Die OWZE und die UNO haben Richtlinien, die bei der Bewertung helfen, ob die Unterscheidung nach Gender für eine Studie relevant ist und ob in diesem Fall mit der Datenerhebung mit der Dimension Gender fortgefahren werden soll. Wir aber sind der Meinung, dass es wirklich an der Zeit für einen anderen Ansatz ist. Anstatt uns vorrangig damit zu befassen, ob Gender-Daten erfasst werden sollen, sollte dies bereits der Grundsatz sein. Wir denken an einen «embedded» Ansatz: Die post-pandemischen Daten müssen die Dimension Geschlecht und Gender berücksichtigen, andernfalls werden sie als unvollständig gelten und können für weitere Untersuchungen oder Studien nicht verwendet werden.

Bezüglich der Schweiz wurde vor rund einem Jahr (11.6.2020) ein Antrag im Parlament gestellt, der forderte, dass «in allen wichtigen Statistiken und in allen wichtigen Studien auf Bundesebene […] die Auswirkungen untersucht und präsentiert werden sollen, welche die behandelten Gegenstände auf die beiden Geschlechter haben.» Obwohl der Bundesrat die Ablehnung des Antrags vorgeschlagen hatte, haben zunächst der Ständerat (24.9.20) und dann der Nationalrat (3.3.21) für seine Annahme gestimmt. Das bedeutet, dass die Datenerhebung in der Schweiz bereits jetzt verbessert werden muss mit Bezug auf die Dimension Geschlecht, der Beschluss gilt für alle eidgenössischen Ämter. Die spezifischen Leitlinien werden wahrscheinlich vom Eidgenössischen Büro für die Gleichstellung von Mann und Frau erarbeitet und diesbezüglich gibt es sogar bereits ein Dokument für die Gleichstellungsstrategie 2030, in dem der oben erwähnte Antrag ausdrücklich erwähnt wird und man in Bezug auf die geschlechterspezifische Auswirkung der Daten eine Verbesserung bei der Vorbereitung föderaler Statistiken und Studien verlangt/vorsieht.

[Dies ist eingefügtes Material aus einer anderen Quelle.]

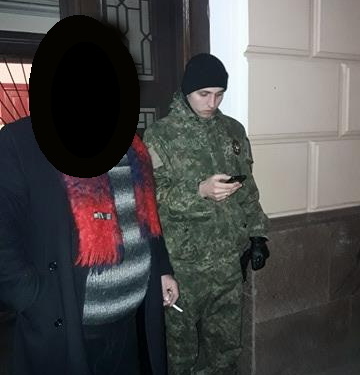 У Тернополі в поліцейську станцію можна зайти вільно, а покинути її важче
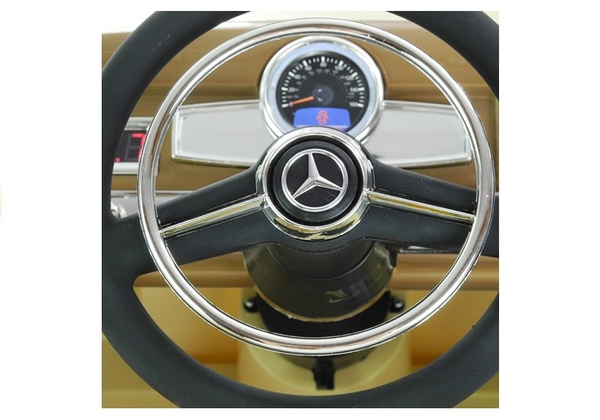 LS-618 Mercedes 300S Black Painting - Electric Ride On Car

Es ist bedeutend, dass man in der Schweiz in diesem Jahr 50 Jahre Wahlrecht für Frauen, 30 Jahre seit dem ersten grossen Frauenstreik und 25 Jahre seit Inkrafttreten des Gleichstellungsgesetzes feiert. Allesamt wichtige Jubiläen, die jedoch auch in gewisser Weise betonen, wie spät diese Errungenschaften verglichen mit anderen Ländern in der Schweiz Einzug hielten. In Bezug auf die Datenerhebung mit der automatischen Dimension Geschlecht aber erweist sich die Schweiz als wirklich fortschrittlich.

Die Pandemie hat Tod, Leid und Einkommenseinbussen mit sich und die vorherrschenden Gleichgewichte ins Wanken gebracht. Genau aus diesem Grund muss aus den Trümmern der Pandemie ein neues Bewusstsein entstehen, das uns in eine bessere Dimension, geprägt von mehr Respekt und Inklusion, befördert. Der Respekt und die Untersuchung der Unterschiede in der Dimension Geschlecht und Gender darf nicht länger im Ermessen der Forschung liegen.
Es könnte eine der vielen Lektionen sein, die wir aus der aktuellen «Krise» lernen – ein Ausdruck, der auf Chinesisch mit den Ideogrammen 危機 ausgedrückt wird – und den wir von «Gefahr» 危 in «Chance» 機 wandeln müssen.